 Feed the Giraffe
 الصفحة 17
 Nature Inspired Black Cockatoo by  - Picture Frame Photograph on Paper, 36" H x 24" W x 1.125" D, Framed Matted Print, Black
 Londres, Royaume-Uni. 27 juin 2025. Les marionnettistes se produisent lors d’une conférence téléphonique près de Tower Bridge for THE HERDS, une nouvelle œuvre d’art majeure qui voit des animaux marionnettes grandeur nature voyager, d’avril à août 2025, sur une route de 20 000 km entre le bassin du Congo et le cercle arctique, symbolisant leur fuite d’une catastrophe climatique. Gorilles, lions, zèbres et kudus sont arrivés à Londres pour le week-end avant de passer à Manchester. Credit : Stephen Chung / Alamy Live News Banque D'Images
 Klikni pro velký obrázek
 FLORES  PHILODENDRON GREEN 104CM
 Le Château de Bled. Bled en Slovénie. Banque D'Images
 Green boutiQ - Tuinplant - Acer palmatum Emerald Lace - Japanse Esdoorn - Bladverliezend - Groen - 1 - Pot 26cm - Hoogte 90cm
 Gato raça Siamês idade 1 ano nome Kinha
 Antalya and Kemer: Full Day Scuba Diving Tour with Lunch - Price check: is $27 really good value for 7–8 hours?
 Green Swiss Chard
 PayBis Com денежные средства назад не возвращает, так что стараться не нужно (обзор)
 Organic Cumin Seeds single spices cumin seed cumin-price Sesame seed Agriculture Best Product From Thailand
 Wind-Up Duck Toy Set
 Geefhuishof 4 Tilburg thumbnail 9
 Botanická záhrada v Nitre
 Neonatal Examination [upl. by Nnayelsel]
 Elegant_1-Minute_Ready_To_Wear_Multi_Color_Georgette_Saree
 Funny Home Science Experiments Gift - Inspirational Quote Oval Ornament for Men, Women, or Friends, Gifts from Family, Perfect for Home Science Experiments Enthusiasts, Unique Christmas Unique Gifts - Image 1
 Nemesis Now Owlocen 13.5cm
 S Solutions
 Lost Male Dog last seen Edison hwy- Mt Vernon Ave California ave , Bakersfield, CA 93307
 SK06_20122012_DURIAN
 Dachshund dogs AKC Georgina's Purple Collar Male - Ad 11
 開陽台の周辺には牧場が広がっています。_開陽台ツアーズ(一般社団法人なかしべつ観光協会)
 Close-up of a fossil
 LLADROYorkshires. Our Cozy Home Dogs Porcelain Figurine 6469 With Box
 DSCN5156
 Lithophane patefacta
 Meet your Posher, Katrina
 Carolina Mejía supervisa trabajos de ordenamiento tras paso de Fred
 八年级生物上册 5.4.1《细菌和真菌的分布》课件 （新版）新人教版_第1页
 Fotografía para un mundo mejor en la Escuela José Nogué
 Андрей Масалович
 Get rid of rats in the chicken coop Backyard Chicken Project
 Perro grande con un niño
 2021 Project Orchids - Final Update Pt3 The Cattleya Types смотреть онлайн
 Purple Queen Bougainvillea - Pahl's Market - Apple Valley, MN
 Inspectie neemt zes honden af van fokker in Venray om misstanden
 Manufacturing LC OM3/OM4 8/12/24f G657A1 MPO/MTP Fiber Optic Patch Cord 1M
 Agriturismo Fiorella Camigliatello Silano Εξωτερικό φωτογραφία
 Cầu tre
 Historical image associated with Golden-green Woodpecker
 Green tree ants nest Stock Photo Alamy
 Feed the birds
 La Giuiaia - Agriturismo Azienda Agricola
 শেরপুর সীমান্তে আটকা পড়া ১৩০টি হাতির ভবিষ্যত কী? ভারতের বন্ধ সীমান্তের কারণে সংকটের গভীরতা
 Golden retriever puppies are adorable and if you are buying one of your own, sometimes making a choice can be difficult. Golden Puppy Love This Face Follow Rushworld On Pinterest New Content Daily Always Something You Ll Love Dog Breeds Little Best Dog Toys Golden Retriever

| TASK OBJECTIVE |
Beginning with the line that holds "Apple Valley, MN" and ending with the last line of the material, output each line exactly and nothing beyond them.

| ANSWER AREA |
 Purple Queen Bougainvillea - Pahl's Market - Apple Valley, MN
 Inspectie neemt zes honden af van fokker in Venray om misstanden
 Manufacturing LC OM3/OM4 8/12/24f G657A1 MPO/MTP Fiber Optic Patch Cord 1M
 Agriturismo Fiorella Camigliatello Silano Εξωτερικό φωτογραφία
 Cầu tre
 Historical image associated with Golden-green Woodpecker
 Green tree ants nest Stock Photo Alamy
 Feed the birds
 La Giuiaia - Agriturismo Azienda Agricola
 শেরপুর সীমান্তে আটকা পড়া ১৩০টি হাতির ভবিষ্যত কী? ভারতের বন্ধ সীমান্তের কারণে সংকটের গভীরতা
 Golden retriever puppies are adorable and if you are buying one of your own, sometimes making a choice can be difficult. Golden Puppy Love This Face Follow Rushworld On Pinterest New Content Daily Always Something You Ll Love Dog Breeds Little Best Dog Toys Golden Retriever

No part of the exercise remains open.